Of the 26 members of the UC Board of Regents, 18 are appointed by the governor for 12-year terms. Seven are ex officio members, such as the governor and the UC president, and two are student regents. Student regents are appointed for a two-year term.

After the application process, the student serves the first year as regent-designate, participating in all the regent meetings, but not voting.

The next year, the student gains the right to vote on policy and introduce measures before the board.

With the exception of UC Merced, UCSC is the only campus that has not produced a student regent since the position was created in 1975.

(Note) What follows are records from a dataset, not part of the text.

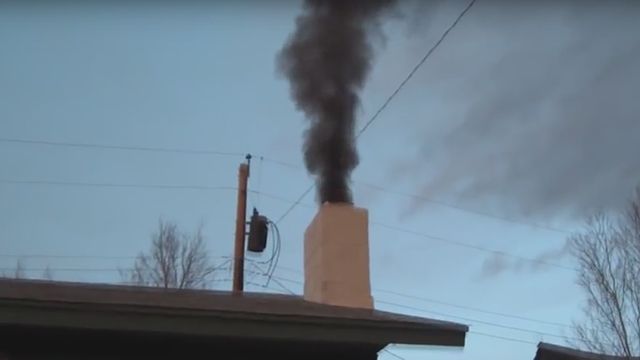 Черный дым из дымохода - признак неполного сгорания топлива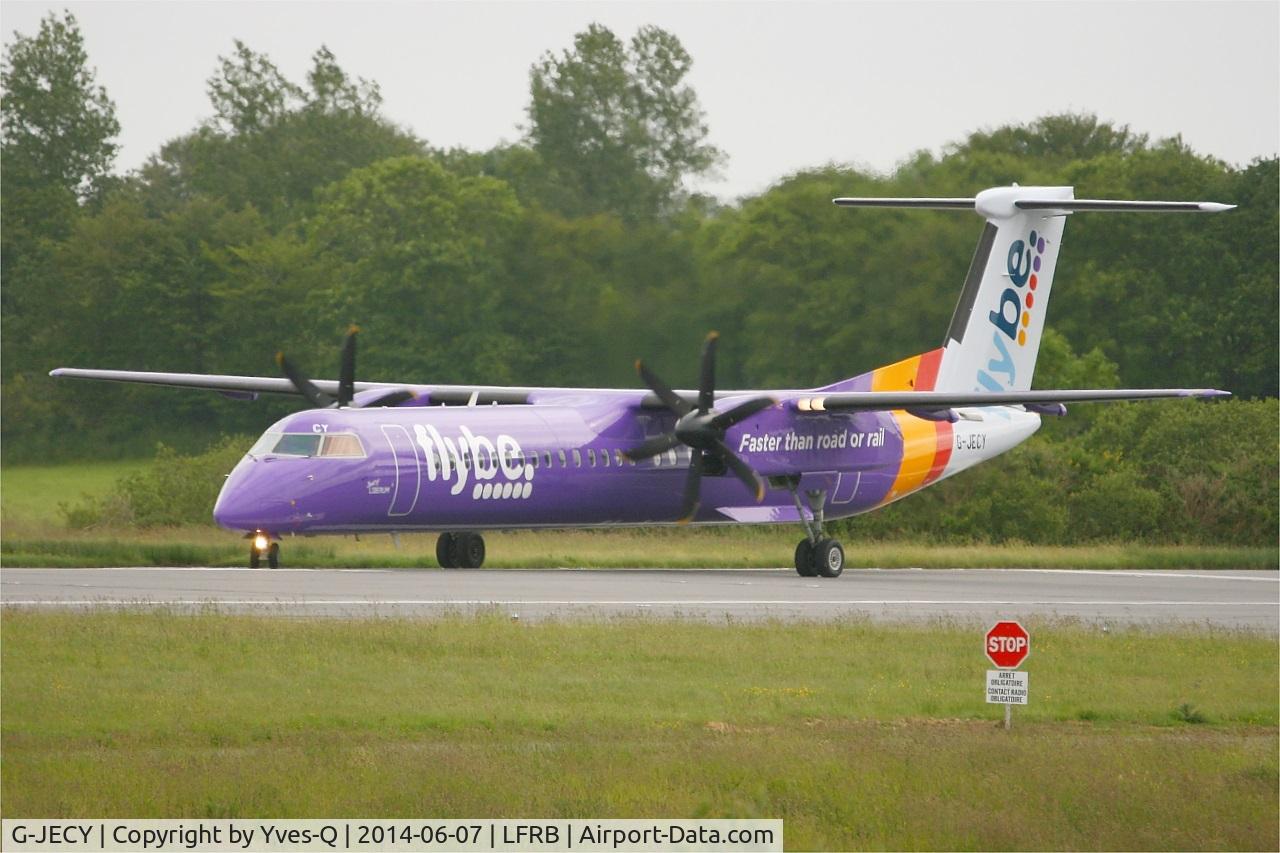G-JECY, 2007 De Havilland Canada DHC-8-402Q Dash 8 C/N 4157, De Havilland Canada DHC-8-402Q Dash 8, Lining up prior take off rwy 25L, Brest-Bretagne Airport (LFRB-BES)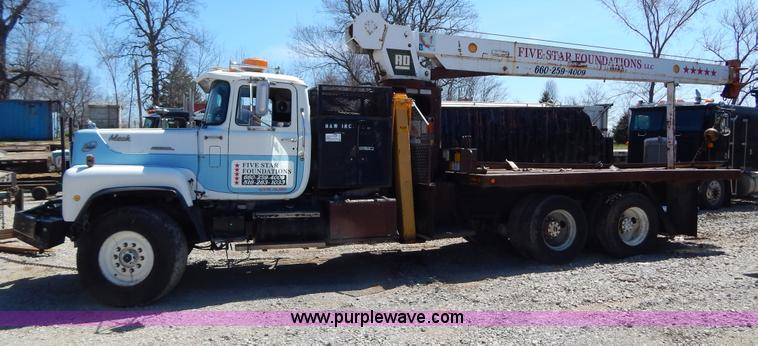 image for item H3458 1980 Mack RS685LS crane truck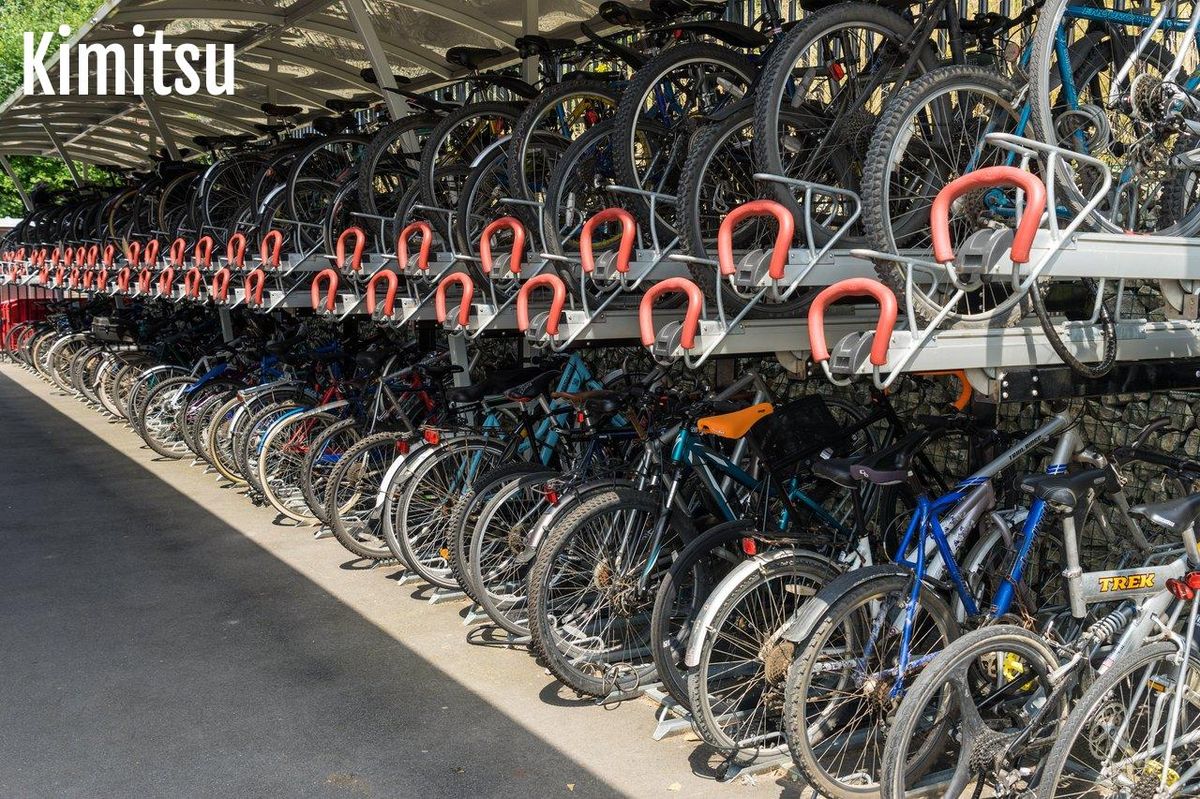 Support mural en bois pour vélo suspendu verticalement dans un garage organisé, optimisant l'espace avec un wooden bike rack garage.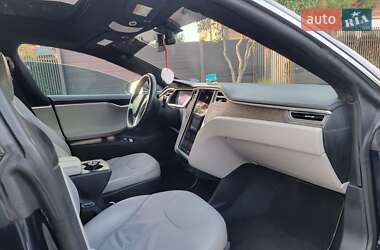 Лифтбек Tesla Model S 2013 в 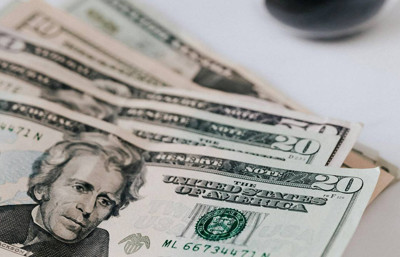 Dolar/TL'den günün ilk rakamları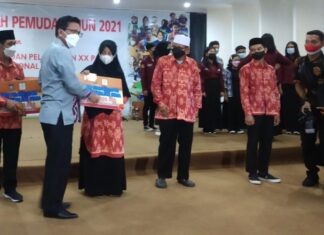 Pemprov NTB Serahkan Bonus Atlet dan Kafilah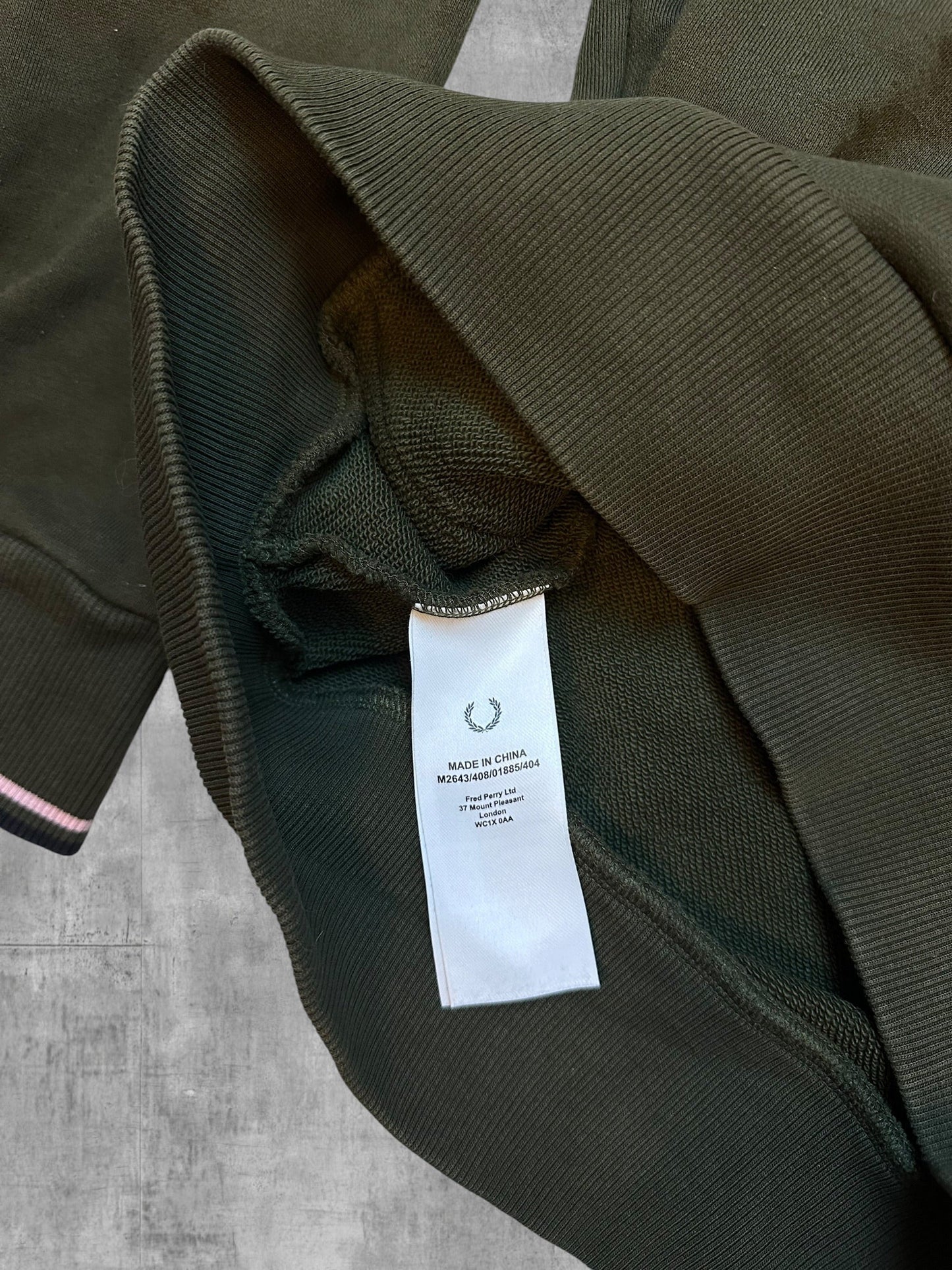 Fred Perry Hoodie Khaki M - Etikett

Because of the lack of diversity among student regents in recent years, Mireles is hoping for a wider array of applicants.

“It’s been five male student regents in a row,” he said. “And Jesse is the first undergraduate in eight years. The student population is 80 percent undergraduate, and I think it’s majority female too. I’m not saying, ‘Men, don’t apply,’ I’m just saying I’m encouraging undergraduate females to apply because I think their voice has been underrepresented.”

There were about 10 students at the meeting, a low count according to Mireles, who said he encountered a crowd of 50 at his recent trip to UC Irvine.

One of Mireles’ two main goals is a tobacco-free UC.

“I’m the first health sciences student to be a student regent, and I wanted to make sure my policies reflect that,” Mireles said. “I think people are entitled to the cleanest air possible.”

His second goal is to better educate students about private scholarships.

“I like to feel like I have ownership of my own financial circumstances,” he said. “We can go to the state and ask for money, but unfortunately those tactics haven’t worked almost ever.”

Mireles said the UC cannot follow the trend of increasing fees.

“As a conservative regent told me, we are close to a billion dollars underfunded,” he said. “The fee increase brought in about $116 million. Year after year after year, eventually they’re going to be like, ‘Enough is enough.’ Even conservative members believe that.”

He ended the meeting by describing what it takes to be a student regent.

“You have to be able to sit at a table with a millionaire on one side and a millionaire on the other side and advocate for the UC.”